NASA is looking for innovative new ideas for robotic missions to the moon, and the space agency hopes private spaceflight companies may have the right stuff to help out.
This month, the space agency rolled out its new Lunar Cargo Transportation and Landing by Soft Touchdown initiative (dubbed Lunar CATALYST for short) to give private companies a chance to develop robotic moon landers with help from NASA. While the space agency won't provide any funding for the commercial projects, private companies selected for the program will have access to a range of NASA perks.
"We're doing this to support lander development," Jason Crusan, director of advanced exploration systems at NASA said in a teleconference with reporters today (Jan. 27). "We can offer NASA contributions to those partners such as NASA technical expertise, access to our facilities, loan of equipment or software at no cost to those partners to help them accelerate their capabilities to get a landing capability that's commercially viable for them." [21 Most Marvelous Moon Missions Ever]
Lunar CATALYST is expected to help support lunar landing development for commercial purposes — like moon mining — while potentially helping out with new science and technology advancement in the process, NASA officials said. The lunar missions could also serve as a stepping-stone for getting into deeper destinations in space like Mars sometime in the future, Crusan said.
Private companies have already shown interest in participating in the new initiative. More than 50 entities called in to a conference call describing the potential new partnership. "We see considerable interest from the private sector, and we're looking forward to their proposals," Crusan said.
NASA officials expect that there will be multiple teams chosen for partnerships, however, that number hinges upon how much support and resources the partners would require.
Companies chosen to participate could have access to NASA's Mighty Eagle and the agency's Morpheus lander — two prototype landers that could be launched to explore the moon or other cosmic objects.
Google has already launched a race to the moon for private companies with its $30 million Google Lunar X Prize. To win that contest, competitors must send a robot to the moon, move it 1,640 feet (500 meters) and relay data, video and images back to Earth.
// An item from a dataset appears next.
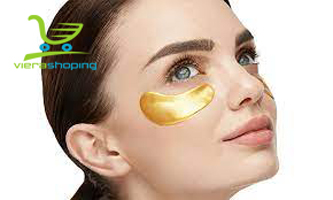 ماسک زیرچشم طلا و خاویار بیواکوا Bioaqua Eye Mask - تصویر 2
Companies hoping to compete in for the prize need to be ready to launch by Dec. 31, 2015. Competing for the X Prize does not eliminate a company from participation in the Lunar CATALYST partnership but the goals for the initiative are different.
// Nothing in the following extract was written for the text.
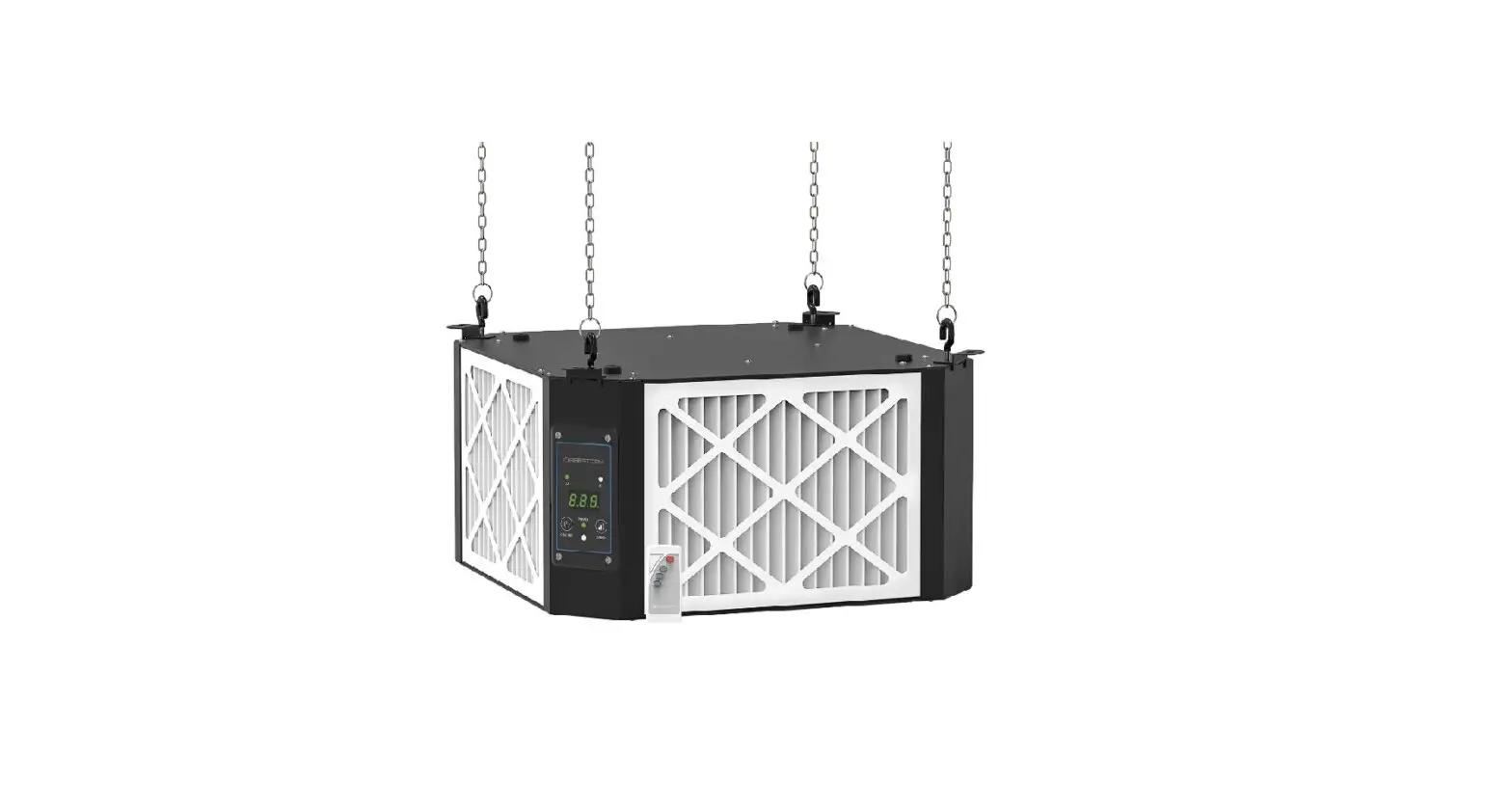 Abestorm Decdust 1350ig Intake Air Filtration System User Manual Abestorm Decdust 1350ig Intake Air Filtration System User Manual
"What we really want to do is enable a robust private sector capability and not just have it reside within the U.S. government," Crusan said. "It's one thing for NASA to do it once, but it's a whole other thing to build upon and build an entire ecosystem of suppliers out there."
This initiative is not a new kind of partnership for NASA. The space agency is currently working with private companies under the Commercial Crew Program — aimed at developing a means of sending astronauts from the United States into low-Earth orbit using privately built spacecraft.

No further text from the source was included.